Migrants et réfugiés
Lors de l’année 2022, les autorités algériennes ont poursuivi leur politique d’expulsions collectives arbitraires vers le Niger de migrants de diverses nationalités, y compris d’enfants, souvent sans effectuer de filtrage individuel et sans respect des procédures établies. Des migrants ont fait état de cas de violences, de vols de leurs biens, de détentions arbitraires, de mauvais traitements en détention et d’autres mauvais traitements de la part des autorités algériennes lors de leur arrestation, de leur détention ou de leur expulsion à la frontière. Les autorités algériennes ont expulsé au moins 14 000 migrants vers le Niger entre janvier et mai 2022, selon l’organisation Médecins sans frontières.

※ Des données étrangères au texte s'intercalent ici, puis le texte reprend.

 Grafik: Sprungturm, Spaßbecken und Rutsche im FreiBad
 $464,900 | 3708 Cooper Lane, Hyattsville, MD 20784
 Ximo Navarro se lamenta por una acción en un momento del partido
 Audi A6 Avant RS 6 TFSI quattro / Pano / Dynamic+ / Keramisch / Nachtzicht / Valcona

Ces expulsions collectives ont été effectuées dans des conditions inhumaines et en violation des obligations de l’Algérie au regard du droit international et régional concernant les réfugiés et les droits humains. Comme les années précédentes, la plupart des migrants expulsés, dont certains avaient été sévèrement maltraités, ont été abandonnés dans le désert à la frontière algéro-nigérienne.

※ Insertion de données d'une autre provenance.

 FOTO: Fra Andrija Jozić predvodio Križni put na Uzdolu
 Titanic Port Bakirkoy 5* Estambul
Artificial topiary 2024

Bien qu’étant un État partie aux conventions relatives aux réfugiés de l’Union africaine et des Nations Unies, l’Algérie ne dispose pas d’une loi nationale sur le droit d’asile, ni de système de protection des demandeurs d’asile.
Orientation sexuelle et identité de genre
Les relations sexuelles entre personnes de même sexe sont passibles d’une peine de prison pouvant aller jusqu’à deux ans, en vertu de l’article 338 du code pénal. L’article 333 accroît cette peine à un maximum de trois ans pour outrage public à la pudeur si celui-ci a consisté en « un acte contre nature avec un individu du même sexe », que ce soit entre hommes ou entre femmes.
Les restrictions à la liberté de réunion et d’association contenues dans la loi 12-06 entravent le travail des organisations de défense des personnes lesbiennes, gays, bisexuelles et transgenres (LGBT). Cette loi comporte des risques pour toute personne souhaitant former une organisation de défense des droits LGBT ou devenir active en son sein, ainsi que pour les organisations de défense des droits humains qui pourraient soutenir une telle activité.
Selon une analyse de 2019 réalisée par l’association ILGA (International Lesbian, Gay, Bisexual, Transgender, and Intersex Association), les lois réglementant les organisations non gouvernementales en Algérie rendent l’enregistrement légal des organisations travaillant sur les questions de l’orientation sexuelle et de l’identité de genre pratiquement impossible.